Поразительно, что, будучи способным так сформулировать эти необходимейшие человеку душевные «умения», Максимов остается вполне свободным от назидательности. В нем было другое свойство, граничащее с названным, но в корне от него отличное, – серьезность высокого закала.
Дмитрий Евгеньевич как-то сам написал мне об этом в ответ на мою надпись в подаренной ему работе. Надпись, разумеется, шутливую: «Очень серьезному учителю– от хулиганствующей ученицы», Под «хулиганством» подразумевалась моя «охота к перемене мест» – броски от Достоевского к Пастернаку. Шутка неожиданно вызвала целую отповедь – принципиальную, хоть и слегка ироническую: очевидно, именно от нежелания показаться назидательным. Привожу ее полностью:
«Благодарен Вам за отнесение меня в дарственной надписи к серьезной части человеческого рода. Пожалуй, это – один из самых важных критериев. Не случайно я осмелился применить его в своей книге к характеристике символистов. Хорошие слова и даже декларации о трагизме часто были лишены у них серьезности («Да, я – поэт трагической забавы») и тем самым мало стоили. Не есть ли серьезность – начало всякого дела – жизненного, художественного, научного? (простите меня за банальный педантизм!).

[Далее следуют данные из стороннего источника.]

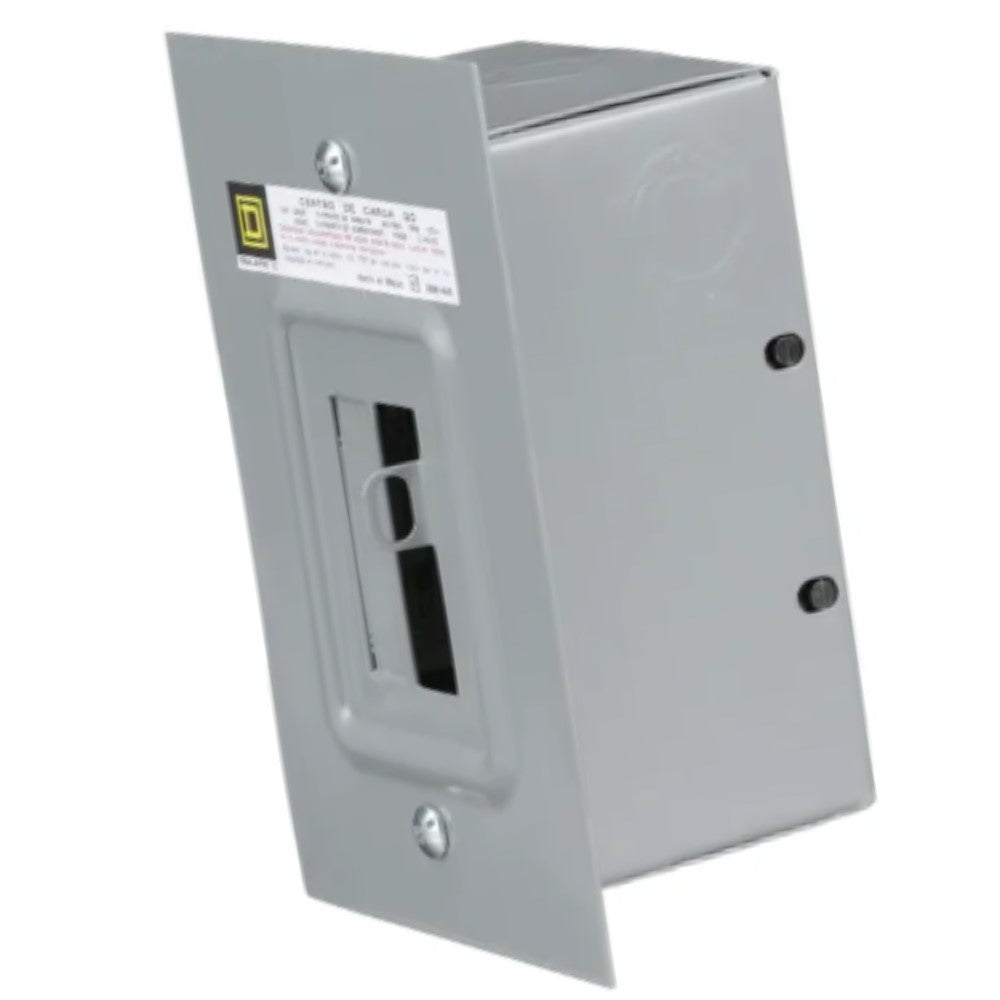 C. CARGA 1F-3H 2P./40A. *** QO2F *** EMP. SQUARE D.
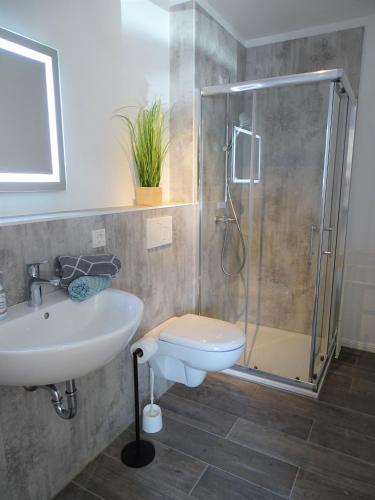 Lütt Plambeck-Appartement Silvia EG 1 (Lutt Plambeck-Appartement Silvia EG 1) in Dahme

Конечно, Ваша подпись «от хулиганствующей ученицы» – шутка. Если бы было иначе, я опять бы высказался от имени педанта. Сказал бы, например, что «хулиганствование» в литературе исторично и оправданно в определенные моменты истории (футуристы, Есенин), а в другие моменты, например, наше время – архаично и демоде. Если у нас есть какой-то долг перед людьми, Богом, совестью (как ни называй!), то прежде всего быть серьезными и ответственными, даже в «игре» (признак хулиганства – безответственность – сколько у нас такого!). Слава Богу, к Вам это не относится – верю в это. И надеюсь в Вашей последней статье (ее еще не читал) найти подтверждение своей веры. Ведь Вы – человек науки, которая между прочим думает об истине и в которой даже шутки ответственны»[307]
.В той серьезности, с которой Дмитрий Евгеньевич славил серьезность, было что-то почти наивное. Думаю, именно эта наивность предохранила его от качества, о котором мне говорили многие очень талантливые молодые литературоведы. Они жаловались на собственную неспособность видеть в литературных героях – не только лирических, «эскизных», но и вполне обыденных, эпических – действительных людей. Максимов не просто обладал этим умением, его острота (как это можно судить хотя бы по разбору «Завещания») была поразительной, едва ли не детской, (Правда, в его сознании существовал и обратный перевод – с языка жизни на язык литературы, но об этом я скажу позднее.) Именно эта острота придавала его работам их неповторимую тональность – ощущение живой теплоты, что ни в коей мере не сказывалось на их строгой научности.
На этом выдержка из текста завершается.